<<<<

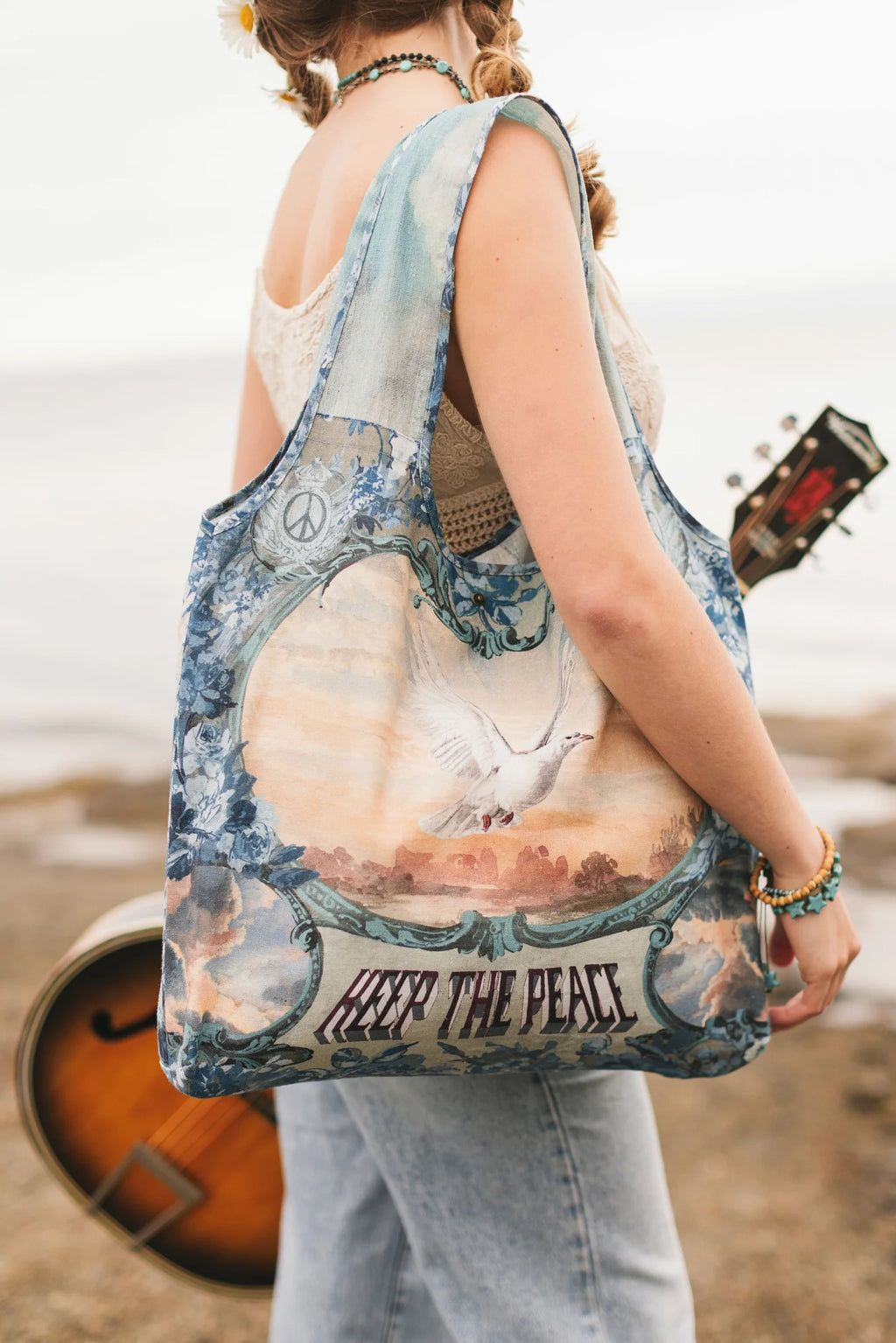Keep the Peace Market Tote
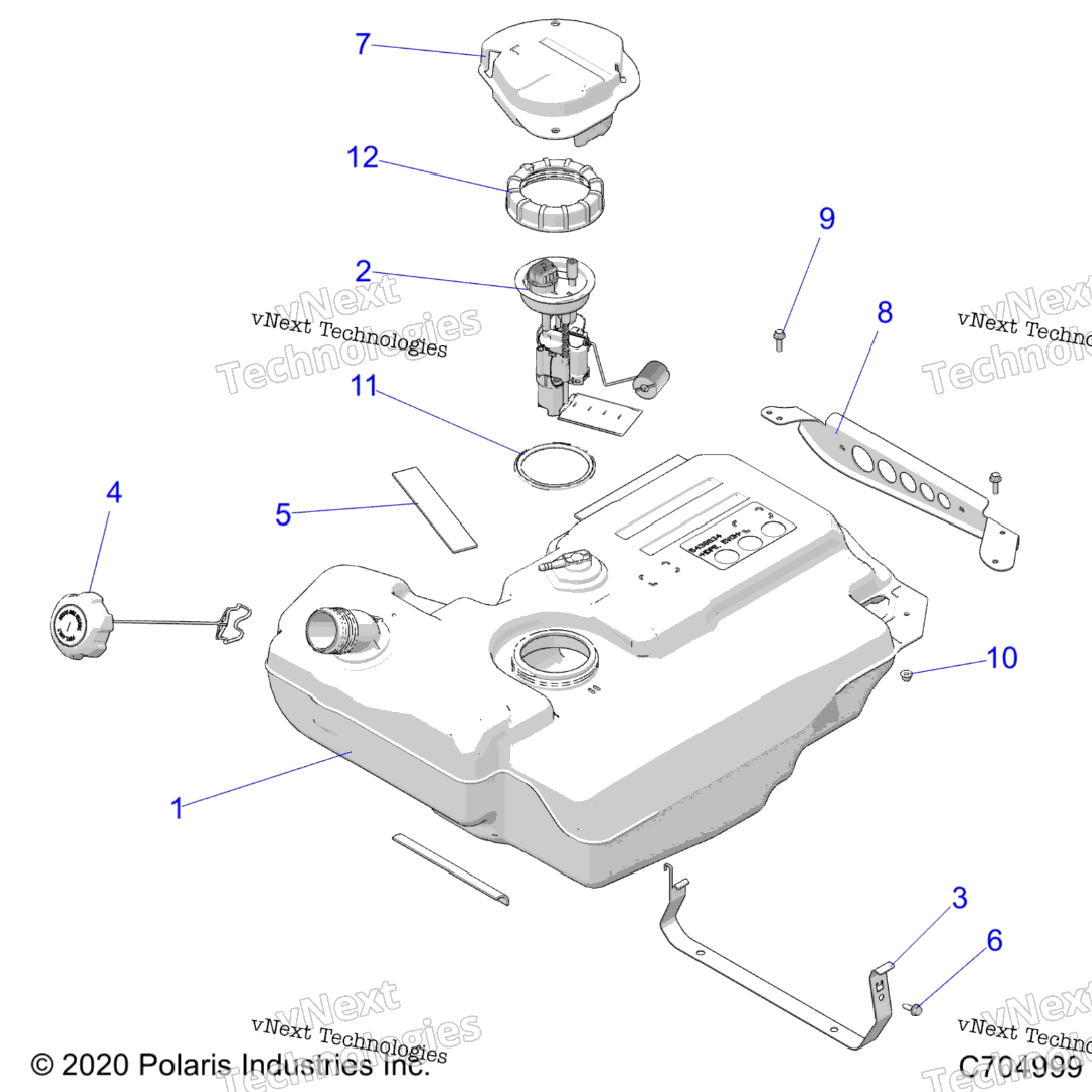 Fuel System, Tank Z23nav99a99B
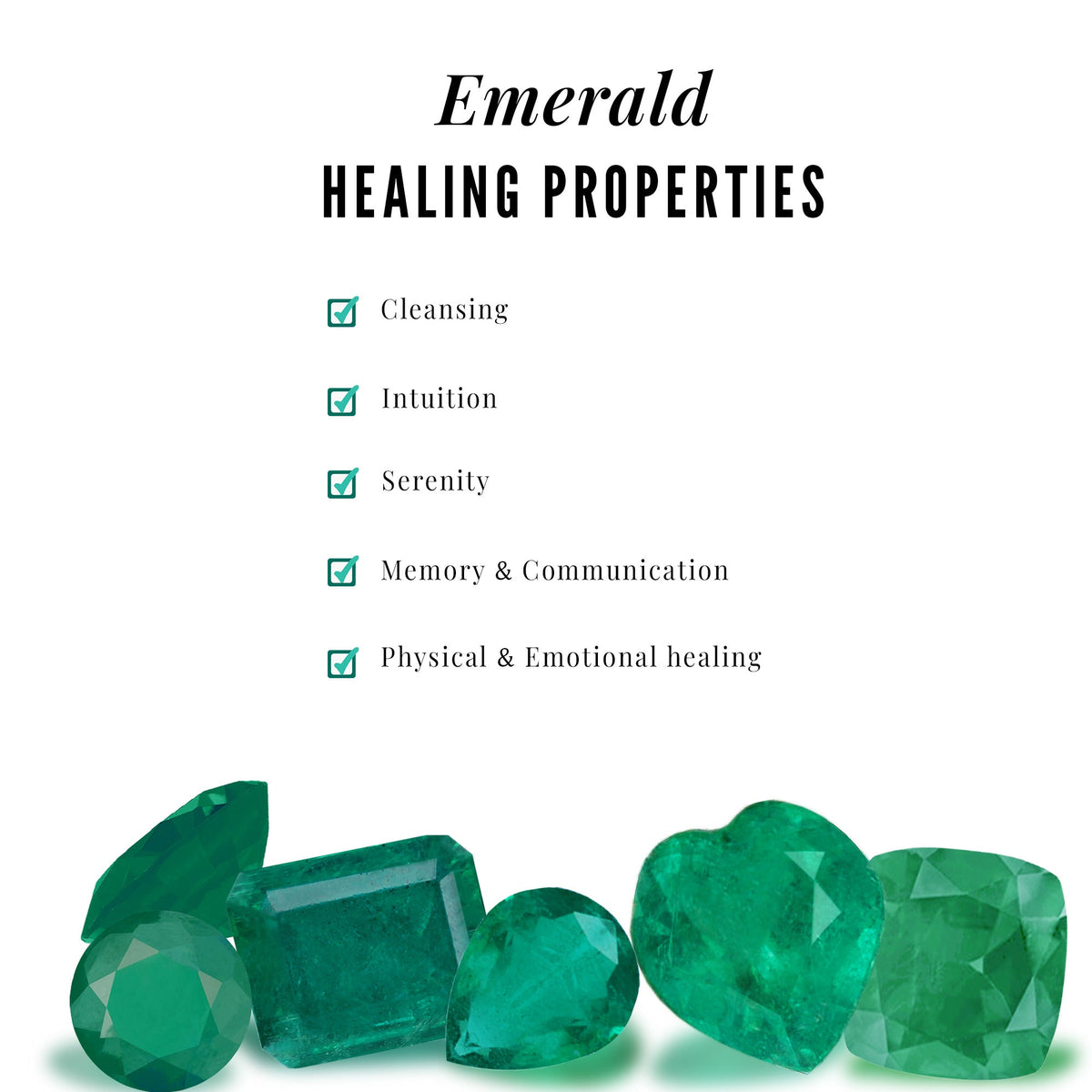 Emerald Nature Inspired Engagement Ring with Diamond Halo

>>>>
<<<<

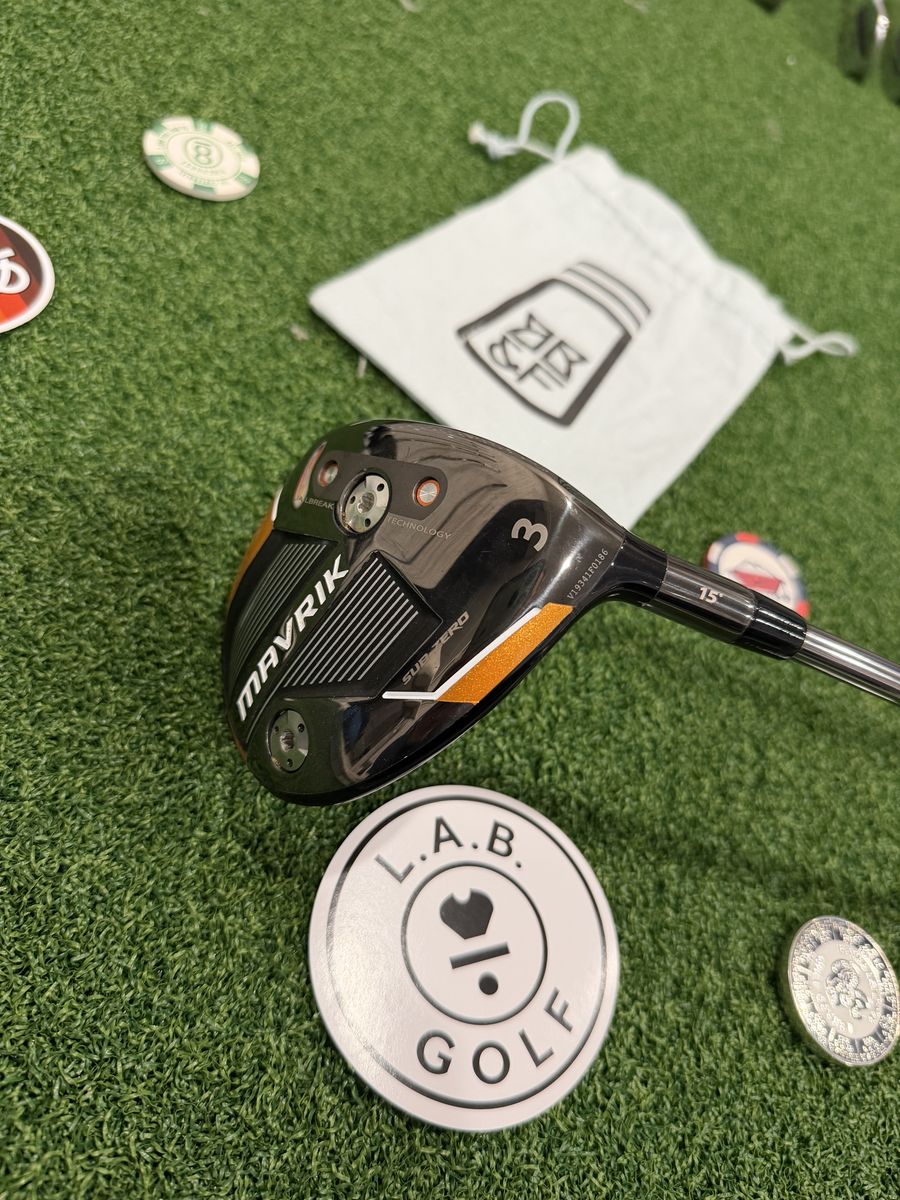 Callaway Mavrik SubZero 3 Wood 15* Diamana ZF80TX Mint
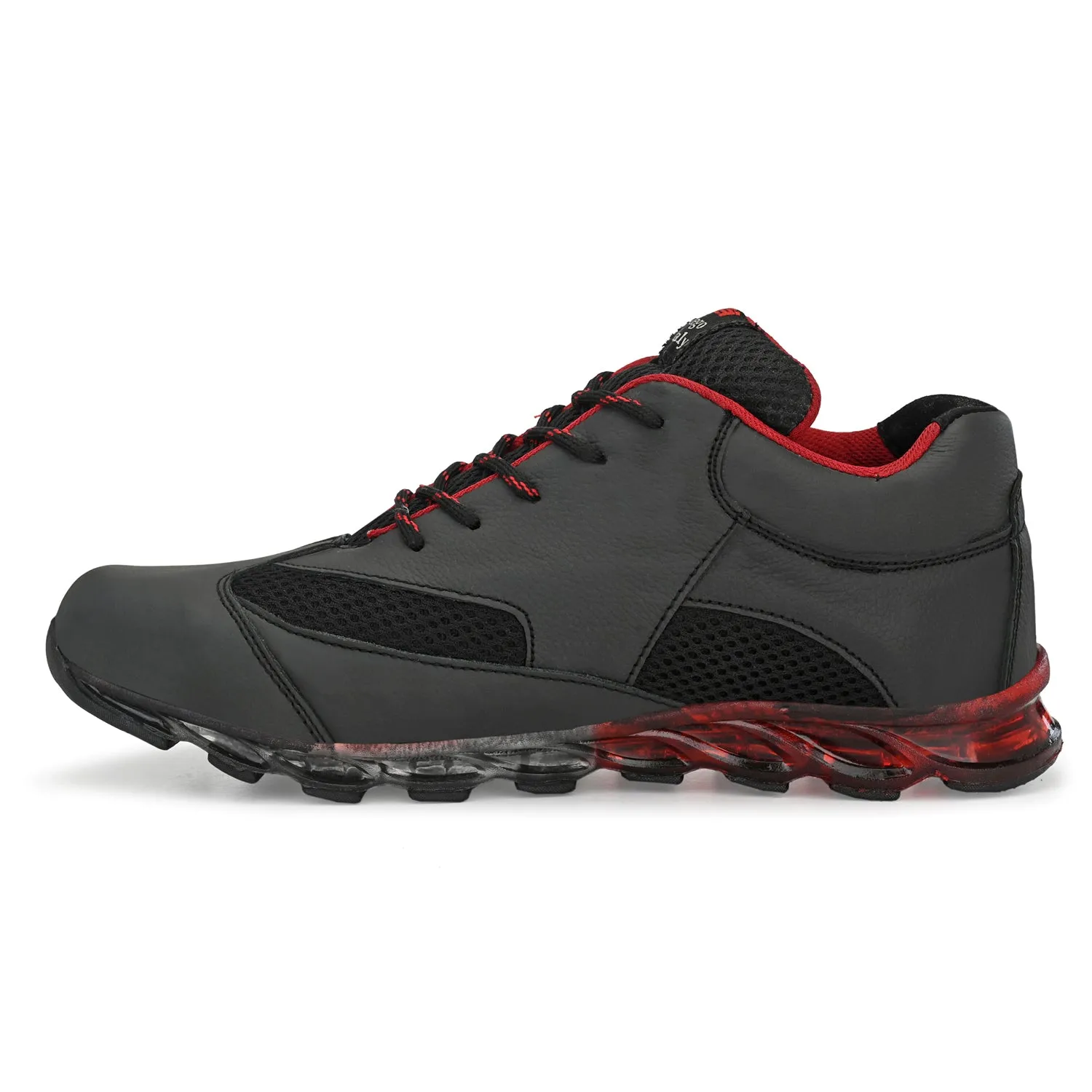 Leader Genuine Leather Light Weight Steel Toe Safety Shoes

>>>>

Copy word for word the span of the records above that begins at the line with "Keep the Peace Market Tote" and ends at the line with "Emerald Nature Inspired", including those two lines but not the pictures.

SOLUTION BELOW
Keep the Peace Market Tote
 Fuel System, Tank Z23nav99a99B
 Emerald Nature Inspired Engagement Ring with Diamond Halo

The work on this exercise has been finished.